[REQUIRED WORK]:
Copy the records below exactly as they stand. Leave out the pictures.

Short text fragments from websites
====================

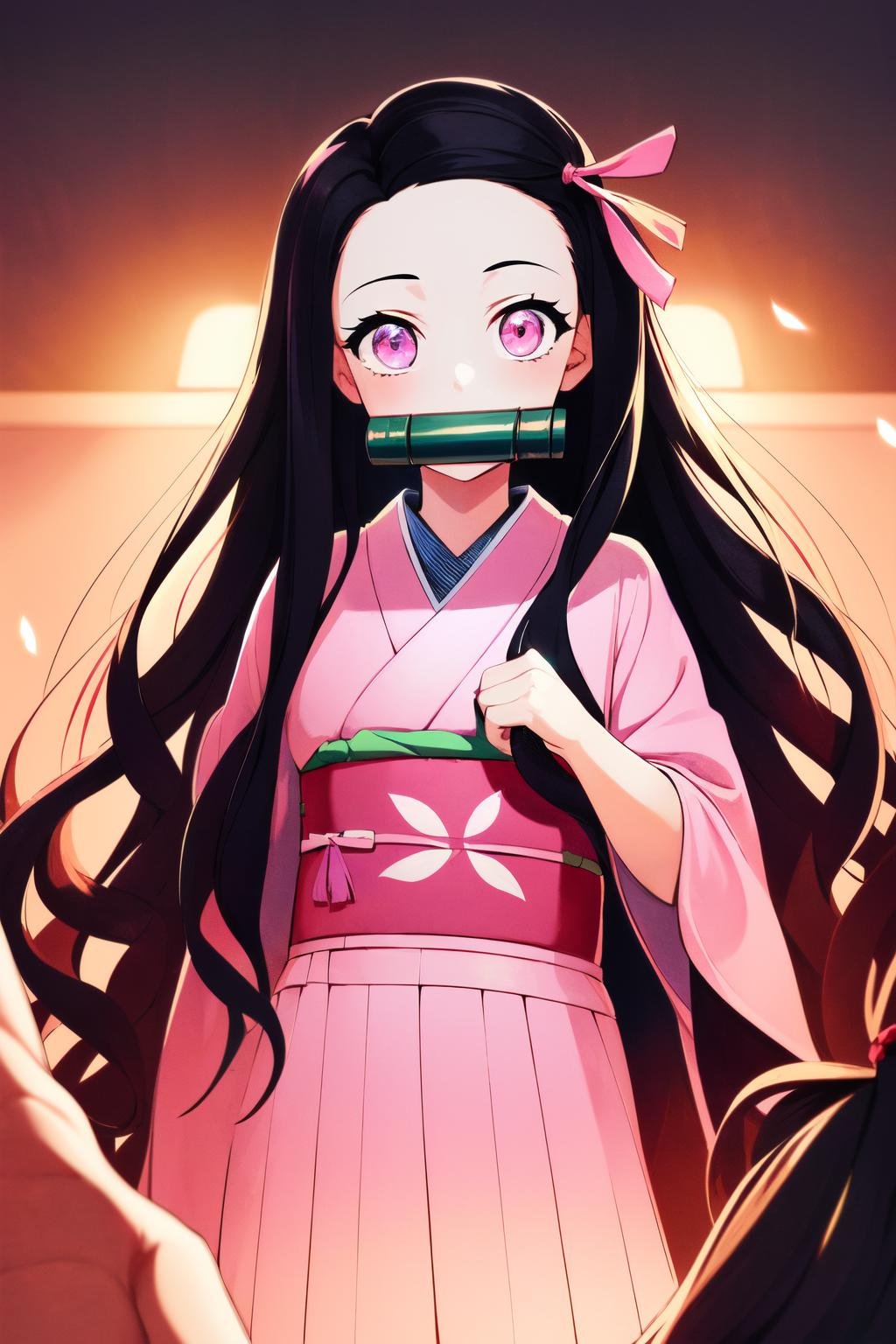 best quality, masterpiece, (illustration:1.2),1girl, nezuko,solo,solo focus, , pink kimono, uper body, pink eyes,long hair, gag,glowing eyes,hair ribbon, flower, <lora:hoa:1>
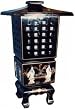 Asian pagoda style lantern table lamp - black lacquer with mother of pearl chinese ladies
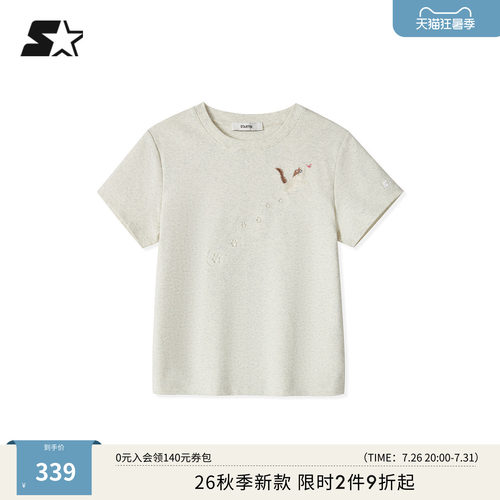 STARTER短袖T恤2026夏季新款女生百搭休闲运动显瘦时尚短袖上衣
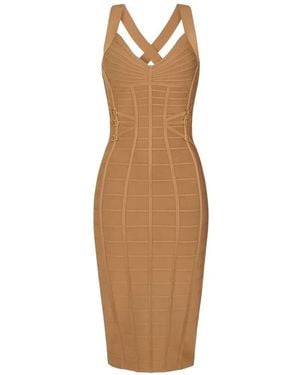 Elisabetta Franchi 3D Knit Pencil Midi Dress - White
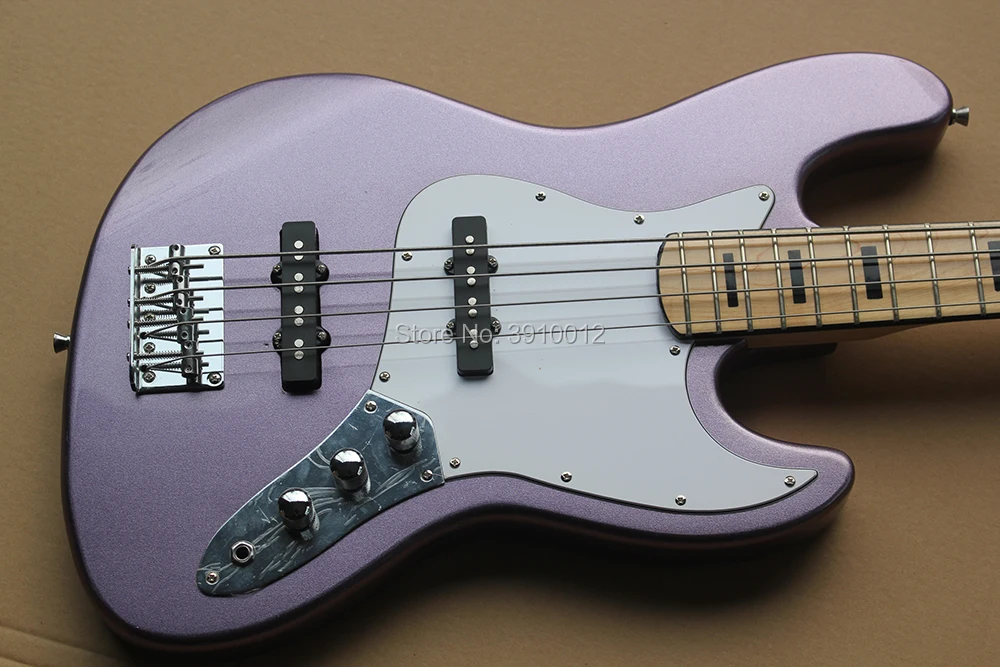 Factory custom Light Purple Electric Bass Guitar with White Pickguard,4 Strings,Maple Fingerboard,offer customized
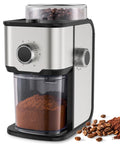 Ollygrin Flat Burr Coffee Grinder With Adjustable Grind Settings For Espresso French Press Capsule, compact stainless steel design with ground coffee.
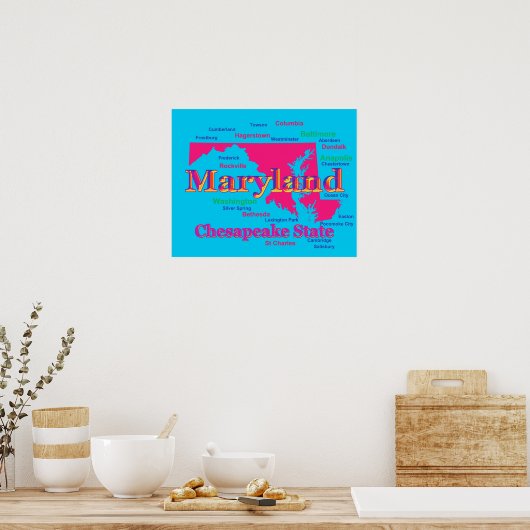 Colorful Maryland State Pride Map Silhouette ポスター (キッチン)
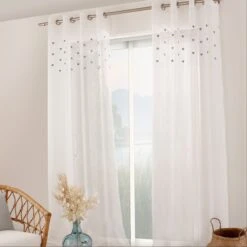 Voilage (140 X 240 Cm) Coeurs Gris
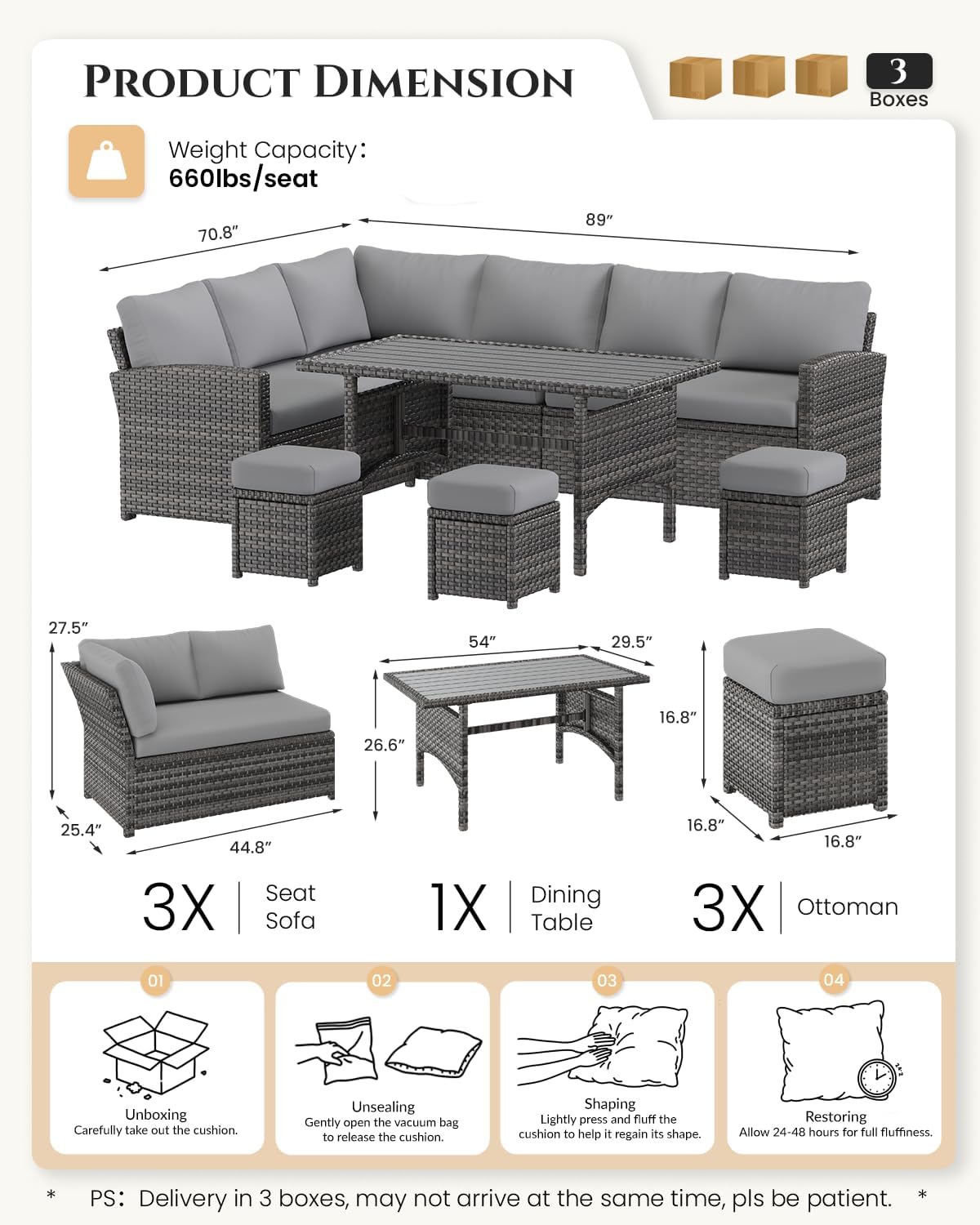 U-MAX 7 Pieces Patio Furniture Set, Outdoor Sectional Sofa Conversation Set, All Weather Wicker Rattan Dining Table & Chair with Ottoman, Grey Rattan&Grey Cushion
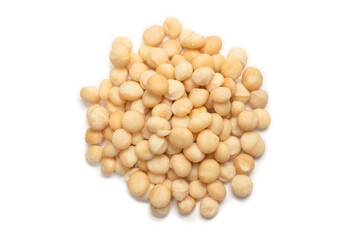 Macadamia nuts isolated on white background.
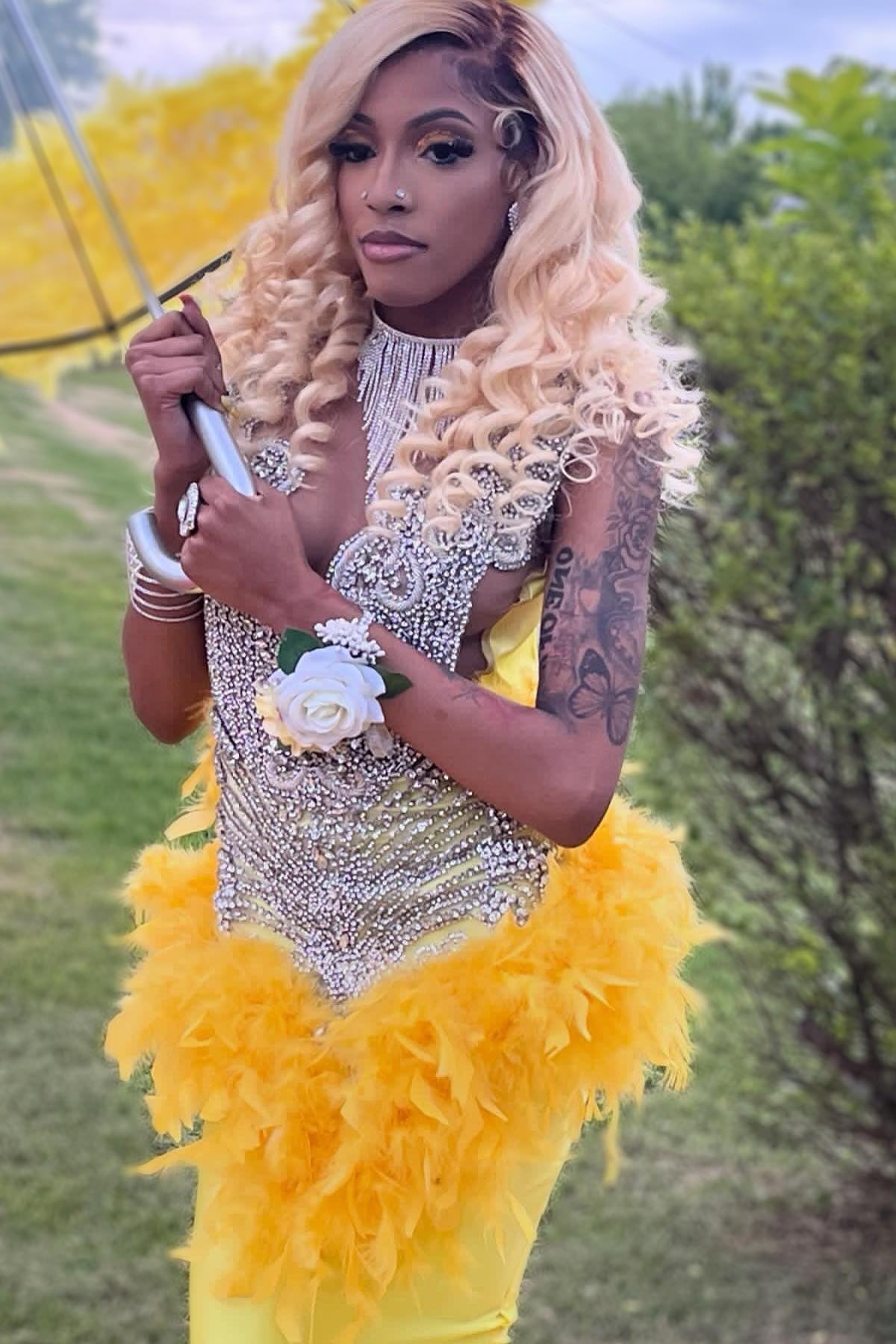 Yellow Jewel Beadings Mermaid Prom Dresses With Feathers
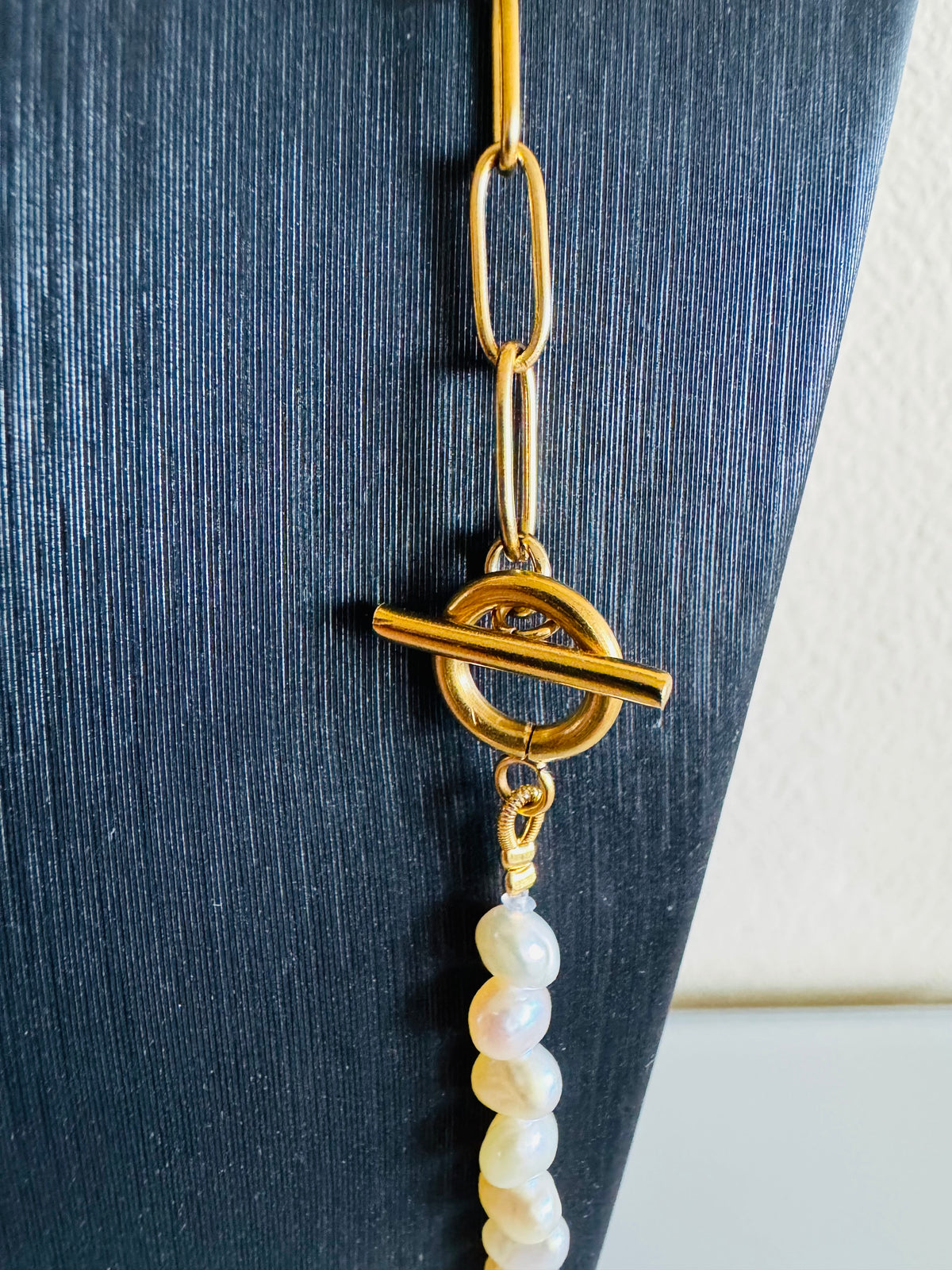 Long Freshwater Pearl Necklace With Surgical Stainless Steel Gold Chain Necklace, 3 Ways wearable Necklace, Handmade Australia, Gift for Her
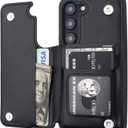 ONETOP Compatible with Samsung Galaxy S23 Wallet Case with Card Holder, PU Leather Kickstand Card Slots Case, Double Magnetic Clasp and Durable Shockproof Cover 5G 6.1 Inch(Black)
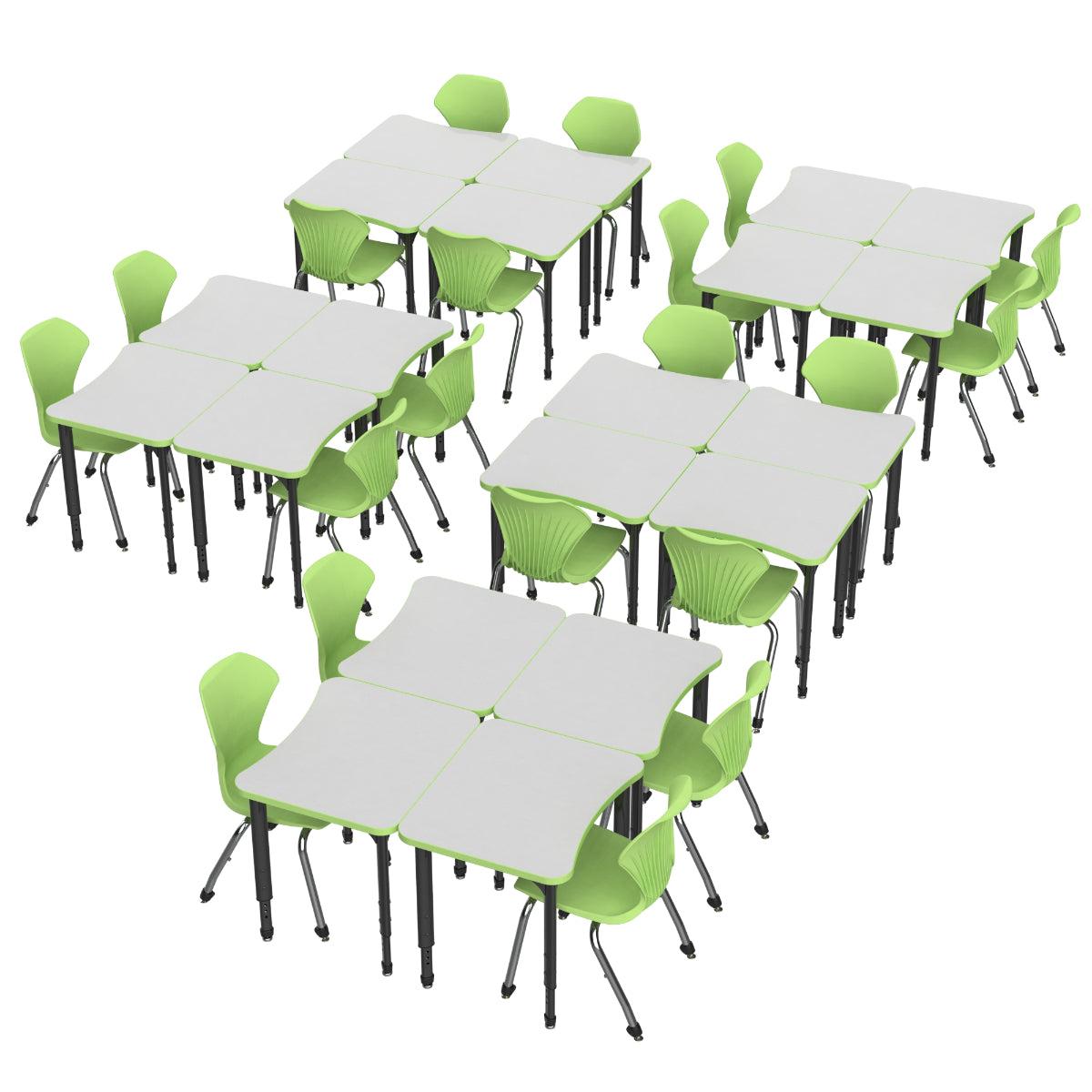 Apex Dry Erase Classroom Desk and Chair Package, 20 Curved Collaborative Student Desks with 20 Apex Stack Chairs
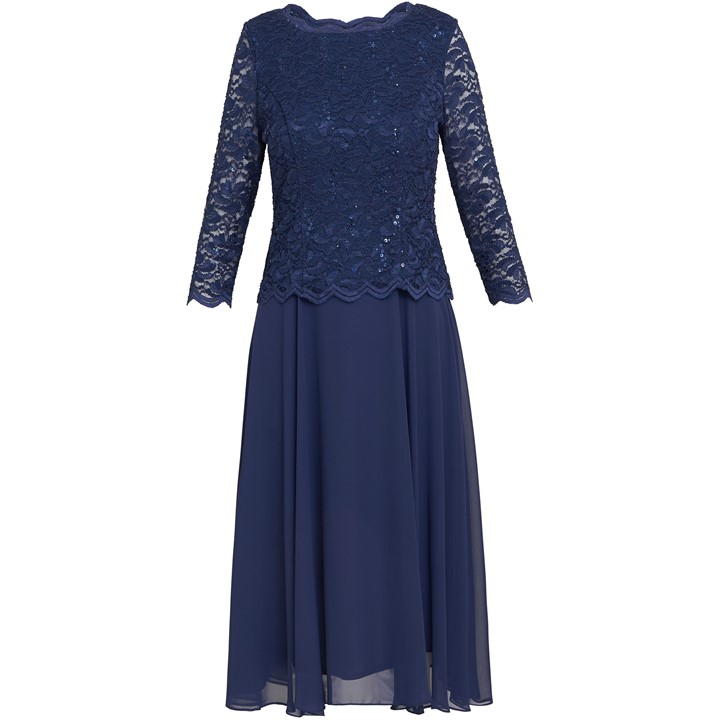 Gina Bacconi Rona Midi Dress with Chiffon Skirt - Blue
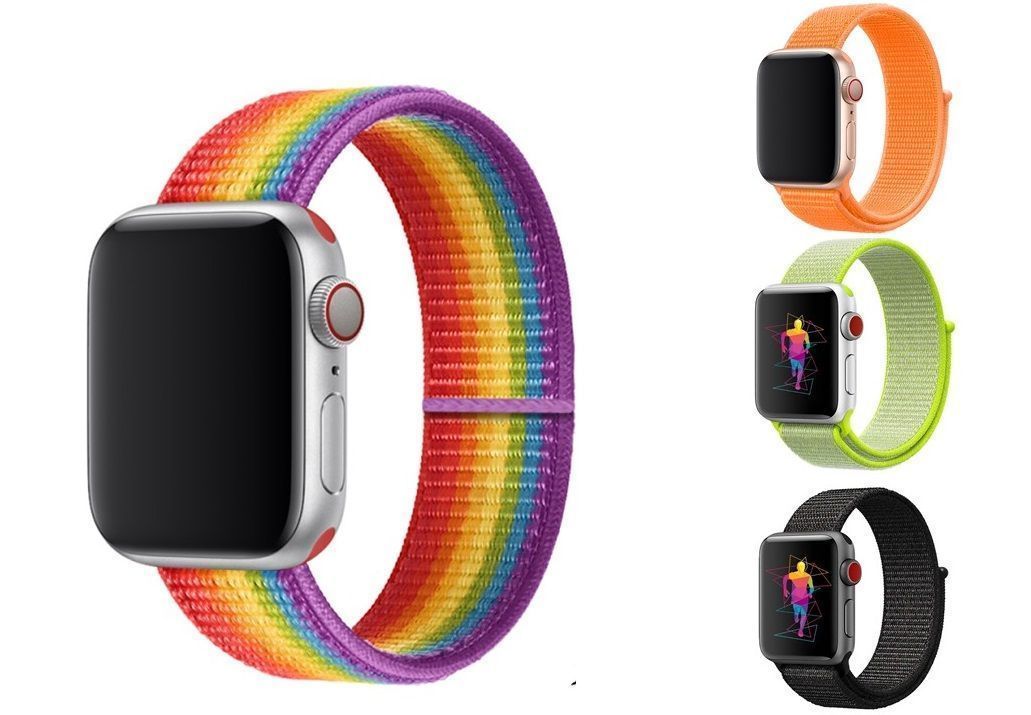 Correa Nylon Compatible Iwatch Apple Watch Arcoiris 38-40-41-MM-3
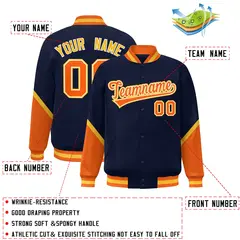 Navy Orange Color Block Varsity Letterman Baseball Jacket 2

====================

[ANSWER TO THE EXERCISE]:
 best quality, masterpiece, (illustration:1.2),1girl, nezuko,solo,solo focus, , pink kimono, uper body, pink eyes,long hair, gag,glowing eyes,hair ribbon, flower, <lora:hoa:1>
 Asian pagoda style lantern table lamp - black lacquer with mother of pearl chinese ladies
 STARTER短袖T恤2026夏季新款女生百搭休闲运动显瘦时尚短袖上衣
 Elisabetta Franchi 3D Knit Pencil Midi Dress - White
 Factory custom Light Purple Electric Bass Guitar with White Pickguard,4 Strings,Maple Fingerboard,offer customized
 Ollygrin Flat Burr Coffee Grinder With Adjustable Grind Settings For Espresso French Press Capsule, compact stainless steel design with ground coffee.
 Colorful Maryland State Pride Map Silhouette ポスター (キッチン)
 Voilage (140 X 240 Cm) Coeurs Gris
 U-MAX 7 Pieces Patio Furniture Set, Outdoor Sectional Sofa Conversation Set, All Weather Wicker Rattan Dining Table & Chair with Ottoman, Grey Rattan&Grey Cushion
 Macadamia nuts isolated on white background.
 Yellow Jewel Beadings Mermaid Prom Dresses With Feathers
 Long Freshwater Pearl Necklace With Surgical Stainless Steel Gold Chain Necklace, 3 Ways wearable Necklace, Handmade Australia, Gift for Her
 ONETOP Compatible with Samsung Galaxy S23 Wallet Case with Card Holder, PU Leather Kickstand Card Slots Case, Double Magnetic Clasp and Durable Shockproof Cover 5G 6.1 Inch(Black)
 Apex Dry Erase Classroom Desk and Chair Package, 20 Curved Collaborative Student Desks with 20 Apex Stack Chairs
 Gina Bacconi Rona Midi Dress with Chiffon Skirt - Blue
 Correa Nylon Compatible Iwatch Apple Watch Arcoiris 38-40-41-MM-3
 Navy Orange Color Block Varsity Letterman Baseball Jacket 2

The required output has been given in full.